Perhaps the most "apples to apples" comparison is with Robert Kim, a Korean -American who, like Pollard, worked as a civilian analyst for the Navy at Suitland, Maryland, passing secrets about North Korea to South Korea. Kim only received 9 years for his crime because he just like Pollard cooperated and reached a plea bargain. Only with Kim, the US government honored their part of the bargain.
But again, Pollard's is not a typical spy case. Had he passed similar information to Australia or Saudi Arabia, Pollard would not have become a household name and would have been freed long ago.
Pollard's case was dealt with disproportionately because it resonated with one of the oldest, and most tenacious, anti-Semitic aspersions ever cast on the Jews: dual-loyalty. Neither Koreans nor Greeks are the subject of such unshakable suspicions.
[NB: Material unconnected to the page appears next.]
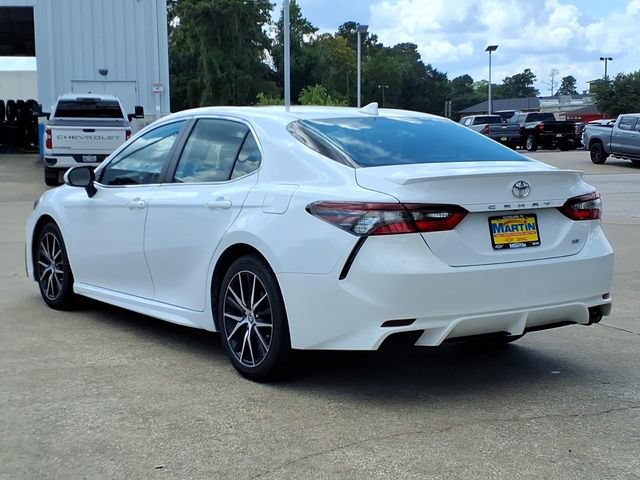 Used 2023 Toyota Camry SE FWD image 7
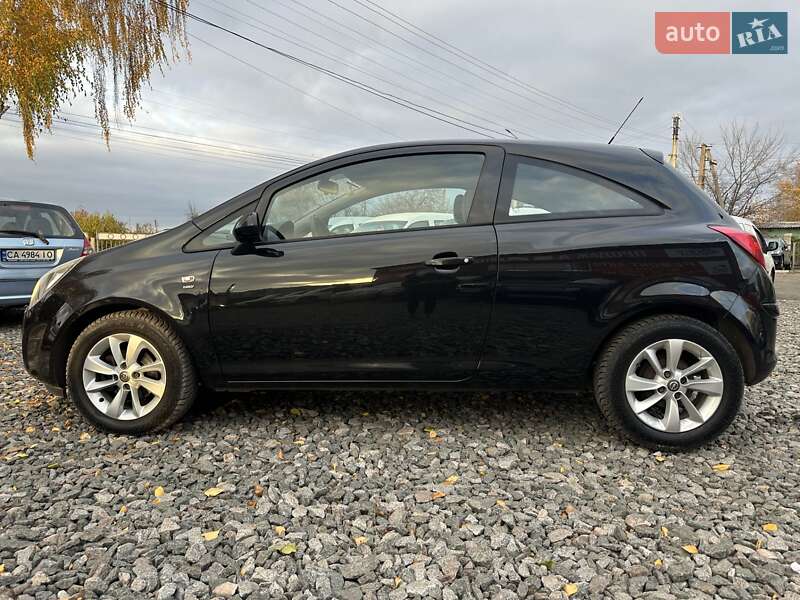 Хэтчбек Opel Corsa 2014 в Смеле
At the same time, American Jews have become more fully integrated in American political and governmental life than in any other country (spare Israel) at any other time. They are exceedingly prominent in both Republican and Democratic parties, serve in the most senior positions of every administration in every agency, and thus have access to America's top secrets.
When Pollard used this access to give Israel reams of classified information, he struck at both the heart of this vulnerability and the heart of this centuries-old suspicion.
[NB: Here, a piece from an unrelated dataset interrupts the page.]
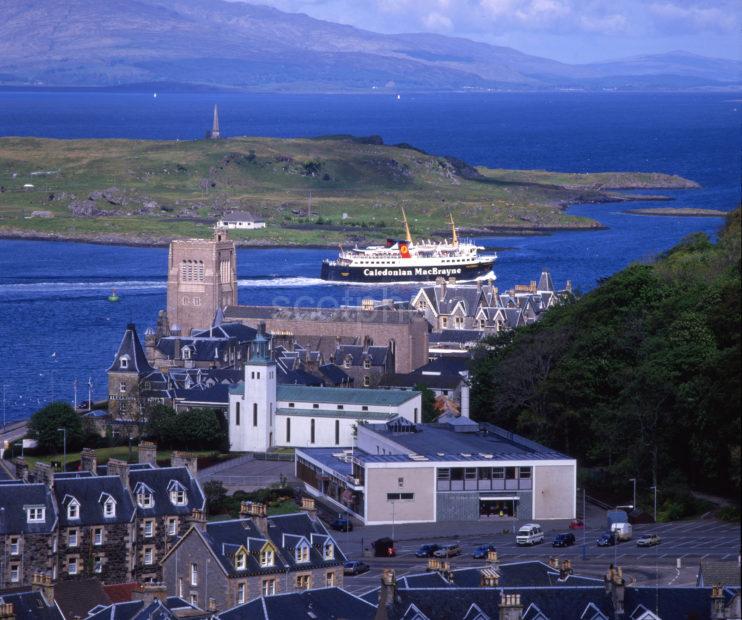 MV Caledonia Departs Oban Early 1980 S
Thus the reason Pollard continues to rot in prison, even as his health fails him, is for the same reason historically governments kept the corpses of those executed in the town square. The stench filling citizens' nostrils was a reminder of what would happen should one break the covenant with their society.
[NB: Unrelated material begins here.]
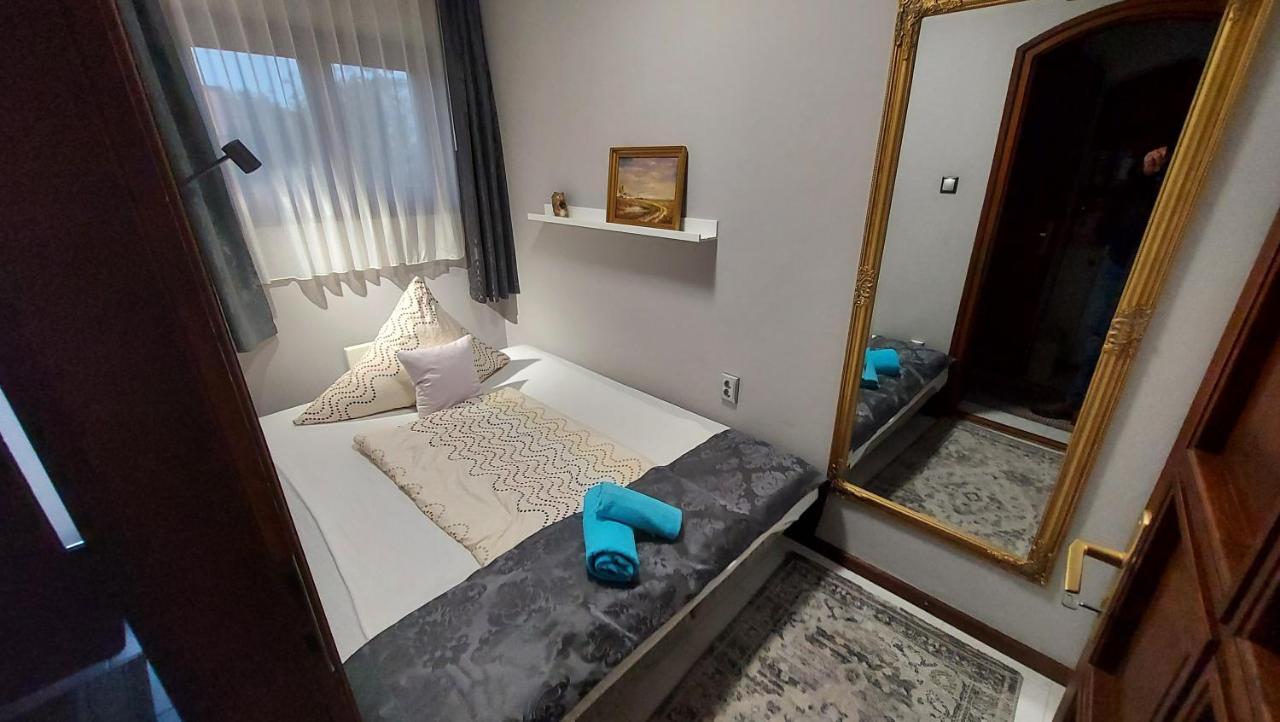 Titi Classic & Trendy Apartman Bük Exteriör bild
As Isabel Kirshner of the New York Times summarized the CIA position in 2010, "the release of Mr. Pollard would send a bad message about how the United States viewed people who traded in American secrets."
But the point is not really to deter Americans. Pollard's suffering is meant to deter other American Jews.
However, the irony most observers miss, especially in Israel, is that Pollard's sentence created a way for American Jews to move beyond the Pollard scandal, and allowed them to continue to play a central role in America's most sensitive positions. Correspondingly, the longer Pollard has sat in prison, and the more the American government appears merciless in his case, the more American Jews can continue without fear that they will be suspect because everyone knows what happens to a Jew caught spying for Israel.
This dynamic is so strong that we should not be surprised if one day we learn that some of America's most influential Jews have not just abstained from working on behalf of Pollard's release, they may have actively sabotaged it.
To push an already controversial topic even further, allow me to suggest that if some prominent American Jews indeed undermined Pollard, the knee-jerk reaction of many in the American Jewish community will be to condemn them. Yet with a bit of perspective, those same American Jews probably owe them more gratitude than disdain.
The fact is it worked. Since Pollard's arrest, Jews have only climbed higher up the federal government ladder. When Joe Lieberman ran for Vice President in 2000, the question of dual loyalty did not dog him.
All this said, eventually, even medieval courts would take down the rotting body once the message was clearly sent. Pollard is no innocent. He betrayed the oath he took and he jeopardized the ability of American Jews to work for their government doubtless being raised about where their true loyalties lie.
But after 27 years, let's hope Obama realizes it is time to bury this and move on.
The writer is Neubauer Research Fellow at the Institute for National Security Studies (INSS), Tel Aviv University.